The model never called that tool. The system fabricated both messages. To the LLM, it looks like it asked for context and received it.

The junk drawer problem

Every memory system I've seen pastes retrieved context into the system prompt. This is fine for a few memories. But the system prompt is the junk drawer of LLM interactions: persona instructions, safety guidelines, tool definitions, output format requirements, few-shot examples, and now your memories too.

Run /context on a fresh Claude Code session:

Claude Code /context command showing 27k/200k tokens used: 5.7k system prompt, 6.6k system tools, 5.7k memory files, 2.5k skills, before a single message
A vanilla Claude Code session. 15% of the context window consumed before your first message.

That's a vanilla session with no MCP servers. Add a few and it gets worse:

72% of the context window gone before a single keystroke. Your retrieved memories are going into a room that's already crowded.
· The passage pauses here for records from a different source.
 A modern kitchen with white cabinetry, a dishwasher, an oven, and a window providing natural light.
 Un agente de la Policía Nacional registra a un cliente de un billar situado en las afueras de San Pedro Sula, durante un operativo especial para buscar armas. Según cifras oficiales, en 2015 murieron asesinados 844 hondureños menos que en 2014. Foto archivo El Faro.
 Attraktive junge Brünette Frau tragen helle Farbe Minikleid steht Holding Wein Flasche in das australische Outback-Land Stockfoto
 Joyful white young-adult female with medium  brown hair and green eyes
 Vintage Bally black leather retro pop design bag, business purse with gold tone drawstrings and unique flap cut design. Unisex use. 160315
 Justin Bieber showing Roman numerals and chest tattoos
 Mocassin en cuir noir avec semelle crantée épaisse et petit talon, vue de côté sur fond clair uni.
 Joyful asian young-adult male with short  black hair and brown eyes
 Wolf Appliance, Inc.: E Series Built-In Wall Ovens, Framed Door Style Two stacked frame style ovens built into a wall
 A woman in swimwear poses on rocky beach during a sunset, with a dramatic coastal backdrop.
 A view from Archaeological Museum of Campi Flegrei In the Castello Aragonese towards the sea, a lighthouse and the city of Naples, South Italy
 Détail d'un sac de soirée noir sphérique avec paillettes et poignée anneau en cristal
The "lost in the middle" phenomenon (Liu et al., TACL 2024) shows LLMs attend most to the beginning and end of their context, with a 20+ percentage point accuracy drop for information in the middle. In the worst case, models with the answer present but in the middle performed worse than models with no documents at all.

The model can still access the information. It just treats it like wallpaper.

Why tool results get attention

Think about how you use a tool. You decide you need information, ask for it, receive it. The result arrives in the conversational flow, at the moment you need it. You pay attention because you asked for it.

LLMs work the same way. Tool results get high attention because training data associates them with task-relevant information the model "requested." A tool result is context for a specific task. A system prompt instruction is ambient background.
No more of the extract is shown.